It was literally only an instant and decades ago, but never will I forget those few seconds when climbing Mount Kilimanjaro. We had chosen the beautiful but difficult “western breach” route. Hours before dawn, in the thin, freezing air beneath the summit, we reached the edge of a great tilted sheet of iced snow. Must we now traverse this — steep as a roof, and sloping down to our right into a starlit infinity? Might someone slip? We three and our African guide gathered at the edge.

It was then that I caught our guide’s eye. He’d been taking a sneak glance up through rocks to our left, looking for a safer way. Eyes met. I’d realised he was not confident and he realised I now knew it. Nothing was said, but for me, exhausted, breathless and cold, it was utterly discouraging. He led us across the ice slope without mishap. But he had lost my trust.

I write after a trip to Sweden. I’m a lockdown-sceptic who admires what that country, guided by its state epidemiologist, Anders Tegnell, has done to keep things running normally, so my report may surprise you. I was struck by many similarities (in practical terms) between the Swedish and the British approach to Covid-19. Indeed a month ago Dr Tegnell said preparation was under way for local lockdowns, believing this might prove necessary (though so far it has not). There is no flat theoretical contradiction between Sweden’s approach and ours, at least so far as ours can be discerned.

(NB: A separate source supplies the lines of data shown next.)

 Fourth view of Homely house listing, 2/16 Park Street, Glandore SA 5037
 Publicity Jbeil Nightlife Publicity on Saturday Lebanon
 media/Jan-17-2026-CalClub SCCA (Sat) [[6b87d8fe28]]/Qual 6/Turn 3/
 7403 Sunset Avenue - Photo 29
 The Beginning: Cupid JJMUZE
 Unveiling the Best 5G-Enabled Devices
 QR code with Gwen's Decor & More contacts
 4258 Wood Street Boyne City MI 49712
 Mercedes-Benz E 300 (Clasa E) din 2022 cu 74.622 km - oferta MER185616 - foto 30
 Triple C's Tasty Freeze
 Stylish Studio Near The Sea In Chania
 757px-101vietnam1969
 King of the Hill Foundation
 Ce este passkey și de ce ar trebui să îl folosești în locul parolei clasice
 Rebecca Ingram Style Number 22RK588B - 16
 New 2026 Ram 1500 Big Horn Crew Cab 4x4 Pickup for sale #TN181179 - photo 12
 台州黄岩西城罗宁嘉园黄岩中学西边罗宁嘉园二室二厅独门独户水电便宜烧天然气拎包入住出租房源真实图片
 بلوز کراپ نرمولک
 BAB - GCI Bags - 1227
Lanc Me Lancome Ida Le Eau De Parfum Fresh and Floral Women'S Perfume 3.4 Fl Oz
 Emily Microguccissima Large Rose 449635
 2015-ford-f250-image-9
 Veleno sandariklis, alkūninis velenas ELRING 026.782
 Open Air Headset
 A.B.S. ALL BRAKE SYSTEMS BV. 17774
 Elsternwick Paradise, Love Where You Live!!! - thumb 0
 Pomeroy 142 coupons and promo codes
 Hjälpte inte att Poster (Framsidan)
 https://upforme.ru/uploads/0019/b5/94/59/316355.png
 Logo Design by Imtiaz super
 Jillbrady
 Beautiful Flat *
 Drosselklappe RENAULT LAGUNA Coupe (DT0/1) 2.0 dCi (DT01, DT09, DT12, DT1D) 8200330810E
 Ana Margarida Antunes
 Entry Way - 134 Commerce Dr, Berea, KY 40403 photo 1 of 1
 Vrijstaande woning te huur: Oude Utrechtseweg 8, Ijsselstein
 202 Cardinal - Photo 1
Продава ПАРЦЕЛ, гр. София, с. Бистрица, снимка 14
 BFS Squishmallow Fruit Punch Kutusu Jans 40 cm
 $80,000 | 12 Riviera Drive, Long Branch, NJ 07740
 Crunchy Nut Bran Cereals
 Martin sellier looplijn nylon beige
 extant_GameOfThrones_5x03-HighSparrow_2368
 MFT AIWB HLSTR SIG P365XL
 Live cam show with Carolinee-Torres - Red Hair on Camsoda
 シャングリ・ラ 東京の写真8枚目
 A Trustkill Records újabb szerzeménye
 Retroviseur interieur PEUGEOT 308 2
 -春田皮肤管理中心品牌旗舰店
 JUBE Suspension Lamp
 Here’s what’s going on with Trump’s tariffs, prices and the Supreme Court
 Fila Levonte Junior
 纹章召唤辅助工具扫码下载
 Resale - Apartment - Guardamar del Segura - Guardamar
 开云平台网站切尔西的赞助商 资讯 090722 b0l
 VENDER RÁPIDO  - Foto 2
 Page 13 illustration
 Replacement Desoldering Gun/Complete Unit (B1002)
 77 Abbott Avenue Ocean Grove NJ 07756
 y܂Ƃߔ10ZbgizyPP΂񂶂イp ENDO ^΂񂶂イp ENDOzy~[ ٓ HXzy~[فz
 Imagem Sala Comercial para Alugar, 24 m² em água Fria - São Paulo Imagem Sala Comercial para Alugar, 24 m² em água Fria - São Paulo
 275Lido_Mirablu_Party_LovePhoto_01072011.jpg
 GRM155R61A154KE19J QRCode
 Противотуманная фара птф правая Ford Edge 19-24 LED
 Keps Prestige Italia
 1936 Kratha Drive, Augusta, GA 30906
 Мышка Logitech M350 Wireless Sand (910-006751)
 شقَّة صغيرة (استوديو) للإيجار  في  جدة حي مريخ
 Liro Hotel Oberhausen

The really big difference, I sensed, was not about rules at all, but about popular trust. Trust is key. Trust, not that a government’s policy is necessarily right, but that government does have a policy.

Stockholm, where we started, is not (as we British used to giggle) some kind of cold-climate, stripped-pine arcadia where anything goes, everyone eats meatballs and earns about the same, and moral stricture is limited to po-faced seminars on lesbian equality and Third World nutrition. No, Stockholm is a grand imperial capital, with the quiet showiness and proud sense of exceptionalism that flows, if not in the recollection then in the bloodstream, of a people who once led a great European empire. And despite their almost empty infinity of lake and forest, this is a nation of city-dwellers, townies and villagers, most living cheek-by-jowl as we do. There are rich and poor, there are beggars and braggarts and druggies and drunks, there are smart restaurants, pavement cafés on every corner, and, from the splendid state museums and galleries to the cavernous underground railway concourses, a sense everywhere of style and of the monumental.

“Thank you for keeping your distance”, say messages on Stockholm’s impressive public transport system. And, politely, they do keep their distance, at least as much as here. They don’t wear masks because they’re unconvinced masks work, and they kept their primary schools (and now all schools and universities) open. Well-spaced restaurants and bars never closed, but capacity on public transport reduced (though not as much as ours) and many people worked, and still work, from home. Laws have not proved necessary.

And so it has become the conventional wisdom that the difference between Sweden and Britain is that “community cohesion” keeps Swedes obedient, because everybody wants to do the same thing and be of one mind, while we British lack this kind of team spirit. It’s an easy explanation. But talking to people in Stockholm and Gothenburg I’ve concluded that it’s not the whole, or even perhaps the main, truth. Which brings me back to that moment on the icy slopes of a mountain, and the question of trust. Not in each other, but in the guides.

There is a delicate but acute difference between following our leaders and agreeing with them. By no means do Swedes all agree with their government’s light-touch hand on the Covid-policy tiller. Some hero-worship Tegnell; others emphatically don’t. I have spoken to a former Swedish prime minister who thinks this government’s Tegnell-led approach is reckless. Rikard, a thoughtful young Swedish barman with whom I discussed the controversy, took the opposite view, criticising the authorities for closing late-night clubs. Clubs would not (he thought) become infection hotspots. Rikard was more worried about loneliness among single people. A café-proprietor we met on our walk in the offshore islands near Gothenburg (its city streets busy with merry groups of university students) said she avoided the city. Opinions, in short, are various.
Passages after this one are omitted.